Adam Butler  1:22:49

There’s so many meeting my first financial backer was unbelievably fortunate, I met him on my honeymoon. And then maybe I should give my wife credit for being an unbelievable partner, meeting some of the incredible team members along the way, especially Mike and Rodrigo, and Andrew and Carmen, and Jason and Nick, I can’t mention all the members of the team, but the different members that have joined the group over the years and continue to deliver unbelievable value. It’s been an amazing journey. And your journey is milestone by the people along your way that bring joy to your life, but also that like a bowling ball sort of ping you off in different directions of thinking. And I’ve had the good fortune of meeting a lot of extremely smart people along the way and talented people along the way that have continued to nudge me along highly productive lines of inquiry that have led to where we are today and that I think are going to lead to even more amazing things down the road.

Corey Hoffstein  1:23:52

Oh my friend, congratulations on all the recent success.
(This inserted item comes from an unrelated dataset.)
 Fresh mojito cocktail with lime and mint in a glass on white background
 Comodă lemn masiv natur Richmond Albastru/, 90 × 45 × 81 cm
You know, I’m rooting for you. This has been an absolutely fantastic episode that I suspect people will have to listen to more than once to really get all the value out of it. Thank you for joining me.

Adam Butler  1:24:05

Well next time. We need to involve you more in the conversation.

Corey Hoffstein  1:24:09

The whole point is that I don’t have to talk.

Adam Butler  1:24:13

Everyone wants more. Cory, thank you so much for having me and for great questions and for giving me room to ramble on at times. My pleasure, my friend.